Well worth the time, if only to see the somewhat strange above-ground tombs with clearly visible very old coffins.

If you're lucky, a local tour guide will offer an hour-long English-speaking tour for 'free' (tips only).
There is no fee to enter the cemetery itself. The toilets are near the gate, just to the left after entering.

Opening Hours:
Daily: 7am-5:30pm
Village Recoleta

7) Village Recoleta

The Recoleta Village is a popular theater and shopping complex in Buneos Aires. It is located near the embassies, the Barrio Norte, a wealthy neighborhood with upscale shops and restaurants.

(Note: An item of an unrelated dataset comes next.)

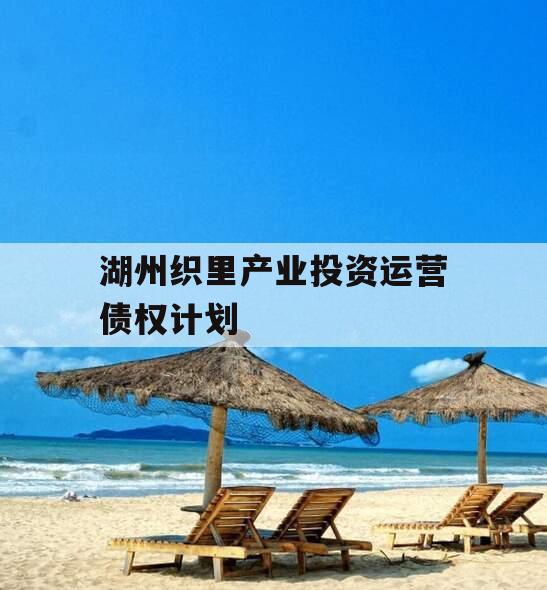 湖州织里产业投资运营债权计划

The Recoleta Village is located opposite the walls of the Recoleta Cemetery. The theaters screen Hollywood blockbusters and films from Brazil, France and Spain. It has a quaint front plaza, a fountain and plenty of benches for tired shoppers to rest their feet. The ground floor houses restaurants with plenty of outdoor seating where customers can enjoy a snack or meal while watching the world go by.

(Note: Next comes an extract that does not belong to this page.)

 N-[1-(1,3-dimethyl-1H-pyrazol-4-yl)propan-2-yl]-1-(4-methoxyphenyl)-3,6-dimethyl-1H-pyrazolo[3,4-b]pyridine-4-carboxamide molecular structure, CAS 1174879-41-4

The lobby of the building has a magnificent staircase that leads to the theaters. The lobby has a Cupside book store which is a branch of a popular book store chain in Buenos Aires. There are also pizzerias, cafes and bar type restaurants with indoor seating across the Cupside store. Movie tickets are sold upstairs and there are music shops and fast food restaurants include McDonalds on the upper floor. The theater sections offers a variety of viewing opportunities with 16 screens showing diverse movies in the upper three floors of the building. Popcorn, candy and other snacks enjoyed by movie goers are available on both floors. Village Recoleta is a popular Buenos Aires destination for movie goers and discriminating shoppers.
The Isaac Fernández Museum of Spanish American Art

8) The Isaac Fernández Museum of Spanish American Art

The collection of Ibero American art displayed in the Isaac Fernandez Blanco Museum is regarded as the most valuable in South America and the World. It first had the collection of Isaac Fernandez Blanco and was later enriched by donations by wealthy Argentines and collections of Ibero American art.

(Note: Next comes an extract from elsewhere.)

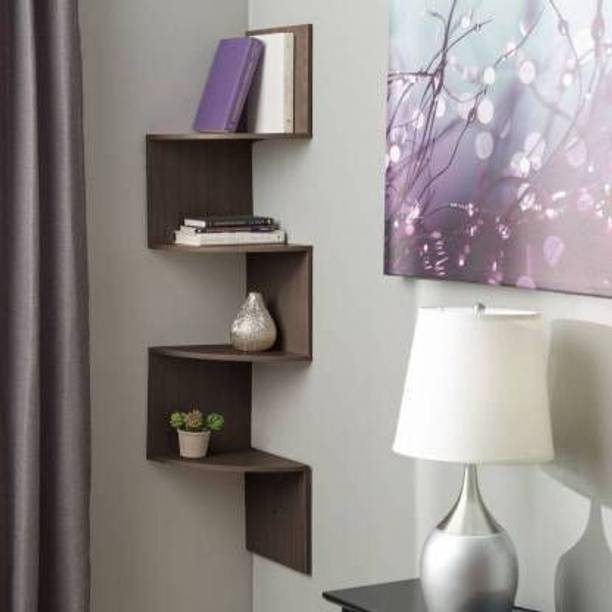 Lamour Arts Wooden Wall Mount Corner Wooden Wall Shelf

The Issaac Fernandez Blanco Museum of Spanish American Art is housed in a neo classical style mansion surrounded by a garden inspired by the parks in Spain. It was the home of the renowned French Argentine architect, Martin Noel who designed and constructed the building between 1914 and 1922. Isaac Fernandez Blanco was an engineer and collector of Ibero American Art. He was an expert violinist and started collecting stringed instruments at first and later was inspired to collect and preserve Ibero American artwork. The collections were first displayed in his house which he sold in 1922 to the City of Buenos Aires. Noel sold his house to the city in 1936 and the Ibero American Museum shifted to its present venue in 1947.

Notable works displayed at the museum are Peruvian silverware and handicrafts, Brazilian furniture, works from the Cuzco School of art that flourished in the colonial period, Jesuit statuary and Quito icons, hand fans and tortoise shell combs worn by ladies during the colonial era. There are also reproductions of rooms from houses in colonial Argentina.